Saya mengetahui hal itu setelah membaca halaman awal dari buku yang ditulis oleh Adolf Heuken berjudul Menteng: Kota Taman Pertama di Indonesia. Itu berarti wilayah-wilayah lain yang berada dalam Kecamatan Menteng seperti Gondangdia dan Cikini merupakan hasil perluasan. Soalnya juga yang saya dapat dari buku tersebut Jalan Raya Menteng tempat lokasi kantor bapak dan ibu saya itu disebut sebagai Jalan Menuju Menteng yang mengarah ke Jalan Cut Meutia, dan di jalan tersebut terdapat Gedung Boplo yang sekarang menjadi Masjid Cut Meutia.

Lalu sebenarnya seperti apa Menteng tersebut pada awalnya?

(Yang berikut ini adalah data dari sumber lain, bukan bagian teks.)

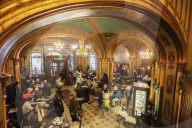 Eastern Europe, Romania, Bucharest, Caru cu Bere Beer Hall and restaurant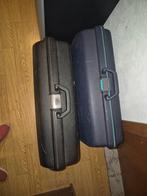 2 reiskoffers, Handtassen en Accessoires, Tassen | Reistassen en Weekendtassen, Ophalen, Zo goed als nieuw, Blauw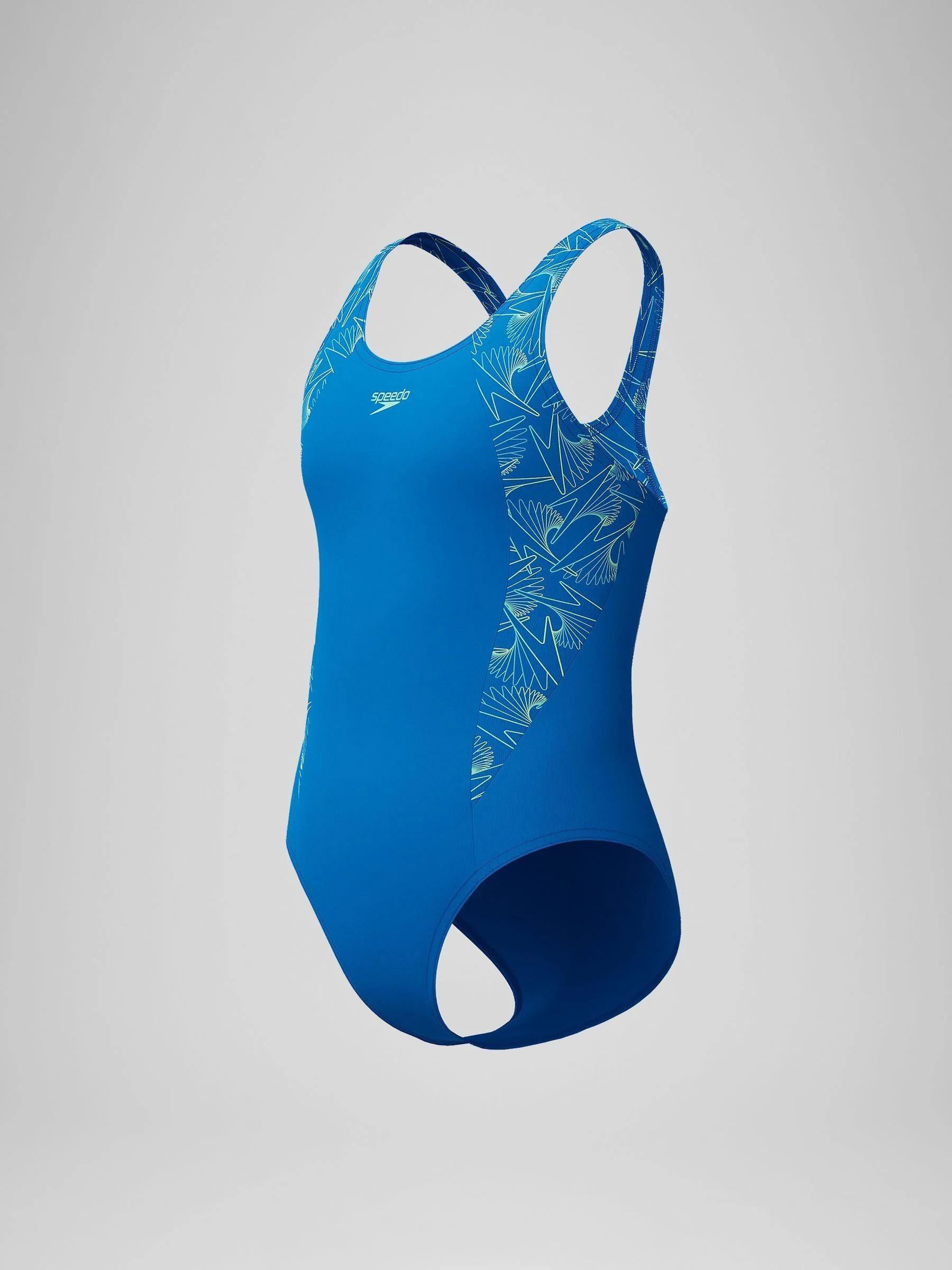 Blauw - Speedo Hyperboom Splice Muscleback badpak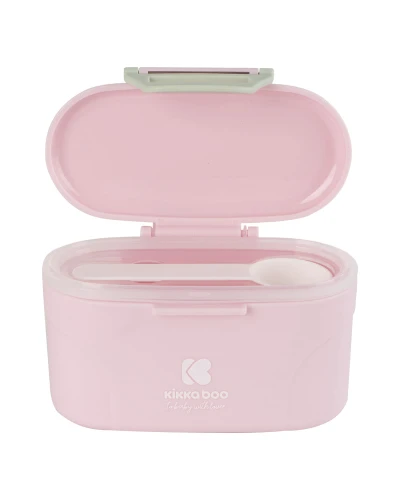 Dozator lapte praf cu lingurița KikkaBoo Pink, 130g cumpăra în Chișinau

Dari beberapa sumber yang saya ketahui dari internet, Menteng awalnya merupakan tanah partikelir atau pribadi milik beberapa tuan tanah Belanda dan Timur Asing. Tanah partikelir yang terhampar di luar Weltevreden itu mulai dari Kebon Sirih kemudian dibeli oleh pemerintah kolonial untuk dijadikan kawasan pemerintahan dan perdagangan seiring dengan meluasnya Jakarta di era kolonial setelah banyak kolonis awal meninggalkan kawasan kota benteng di Kota Tua karena banyaknya gangguan kesehatan.

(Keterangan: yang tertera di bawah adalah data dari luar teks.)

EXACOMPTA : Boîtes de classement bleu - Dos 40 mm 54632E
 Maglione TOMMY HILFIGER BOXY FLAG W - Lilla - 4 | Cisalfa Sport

Jadi, bisa dibilang Menteng itu awalnya memang berkaitan dengan perluasan kota itu sendiri pada abad ke-19 dan ke-20 yang kemudian meningkat seiring dengan dibangunnya infrastruktur-infrastruktur pendukung seperti jalan raya, jalur trem, dan kereta api. Hal ini memang didukung juga dengan letak Menteng yang merupakan bagian dari poros ekonomi kolonial, yang bermula dari Weltevreden hingga Meester Cornelis atau Jatinegara.

Menteng yang dibangun pada dekade 1910 oleh P.AJ. Mooijen, seorang arsitek dan anggota Dewan Kota Batavia itu mempunyai batas berupa kali kecil, yaitu Kali Gresik yang merupakan sebuah selokan untuk drainase. Kali itulah yang menjadi batas alami antara Menteng di selatan dan Gondangdia di utara. Awalnya, oleh Mooijen Menteng disebut dengan Nieuw Gondangdia namun lama kelamaan disebut Menteng sesuai dengan kebiasaan penduduk lokal yang menamai kawasan tersebut dengan nama buah menteng, buah tropis yang banyak tumbuh di kawasan tersebut.

Selain Kali Gresik, pada sebelah selatannya Menteng dibatasi oleh Kanal Banjir Barat dan jalur kereta dari Manggarai menuju Tanah Abang. Sedari awal, kawasan ini memang dirancang sebagai sebuah kota taman atau tuinstad atau garden city, sebuah konsep yang begitu menggema oleh arsitek urban asal Inggris, Ebenezer Howard di akhir abad ke-19 dan awal abad ke-20.

Yang dimaksud dengan kota taman adalah bahwa dalam wilayah tersebut harus didominasi oleh taman-taman publik yang berfungsi sebagai tempat rekreasi dan untuk mendapatkan kesehatan yang lebih baik. Taman-taman ini pun harus melingkari kota. Meski begitu, Menteng oleh para perancangnya adalah kota taman yang tidak berdiri sendiri melainkan terhubung dengan wilayah-wilayah sekitarnya. Karena itu, tak mengherankan jika Anda jalan-jalan ke kawasan Menteng sudah pasti Anda akan banyak melihat taman-taman yang besar maupun kecil serta pepohonan rindang dan setu-setu di dalamnya berkat para perancang urban yang tak hanya Mooijen, tetapi juga Kubatz dan Ghijssels.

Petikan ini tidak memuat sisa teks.